Anyway, we all have ideas about the roles literary agents are supposed to play in our professional lives as writers. Those ideas, however, sometimes turn out to be overly idealistic. Things we thought were no-brainers actually turn out to be stretches. Other clients take priority over us. Our visions regarding timelines don't line up. Over and over again, I hear people anonymously lamenting their agents' faults online. Which is why I know how blessed I am to have my agent. That said, here's a list of things I find cool about Kerry, which is basically my entire interaction with her:
1. When I first queried her after the conference we met at, she got back to me within a few days, confirming receipt and assuring me she'd read my sample pages.
2. A few weeks later, she wrote back saying she'd read my sample pages and wanted to see the full manuscript.
3. Within about ten days, she'd read the whole manuscript (!!!). Although she liked my work, she listed a few notes that needed attention. We scheduled a phone call to discuss same.
4. The next day, we spoke on the phone. Her notes were amazingly detailed and specific. She offered me representation on the understanding that I would implement her suggestions in a revision (which actually turned out to be more like a rewrite, with about seventy-five percent of the manuscript completely changed). The coolest thing: her notes were spot on, things I had suspected an editor might ask for but were so all-encompassing that I didn't dare make the changes without affirmation that it might be the right direction.
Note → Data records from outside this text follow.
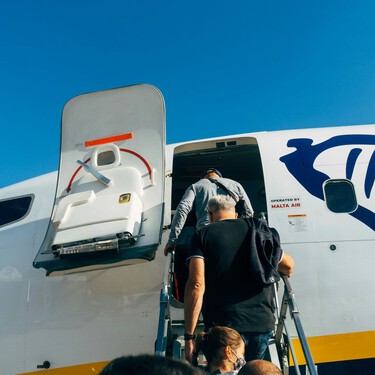 Carrefour deja por 25 euros la mochila de cabina perfecta para escapadas exprés: es impermeable y tipo petate 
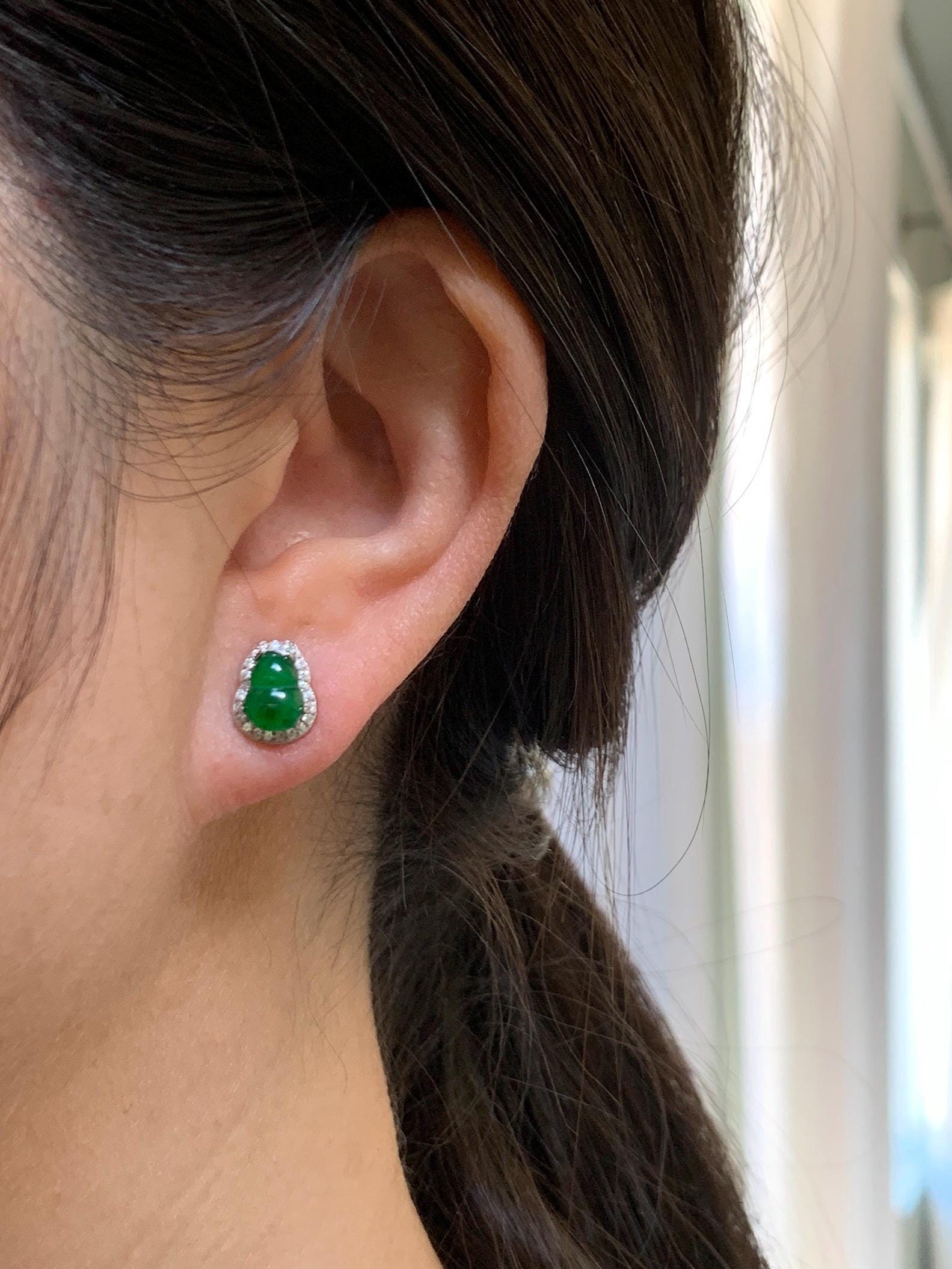 Natural Guatemalan Grade A Icy Translucent Vibrant Green Jade Jadeite Gourd Hulu Stud Earrings Sterling Silver 天然冰危绿翡翠葫芦镶嵌耳钉 YLH96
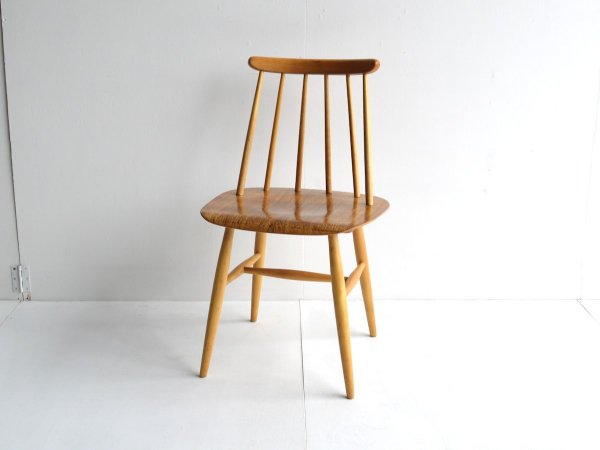 Chair (4) / Fanett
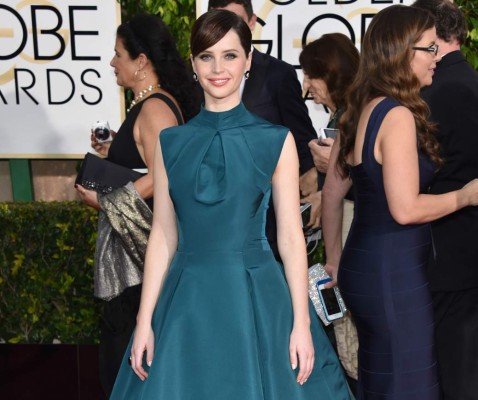 Felicity Jones bebe vino para llorar en el cine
5. After our phone conversation (maybe an hour later, probably less), I received a written recap of Kerry's notes via email.
6. The next day, as promised, she emailed me a two-page (in a small font), single-spaced list of more detailed notes (!!!).
7. Three business days later, I received my contract via snail mail. Because this wasn't my first contract, I immediately spotted how technically professional said contract was. Almost surely drawn up by a literary attorney, and not just counsel specializing in general contracts, provisions were spelled out for writing grants, contest prize monies, etc. In case of termination, specific timelines were specified in the unexpected instance of a post-agreement sale (e.g., if a sale resulted from a submission the agent made ______ months after agreement termination, agency would not be subject to commission, while if sale resulted prior to time specified, agency would be entitled to commission). All I could think was, If they're this good with agency agreements, when they sell a manuscript, there won't be any of the career-limiting contract SNAFUs some of my friends have experienced.
8. While I revised, Kerry helped me come up with a new title for my manuscript, since I'd inadvertently picked one that has a TV show (I'd never heard of) associated with it. And I love it!!!
9. When I finished the rewrite and sent it to Kerry, even though she'd just gotten back from vacation and was no doubt swamped with work, she read it in less than two weeks!
10. A couple days later, she sent my manuscript out on submission to a carefully thought-out list of editors, some of whom she'd already verbally pitched the manuscript to over lunch.
Because my work's still very recently on submission, I can't share the rest of the details, but I will say that Kerry's doing a fabulous job of keeping me apprised. Her professionalism is unparalleled. Which leads me to my final point. You won't find her all over the social media, I suspect, for one reason: she's busy doing her work.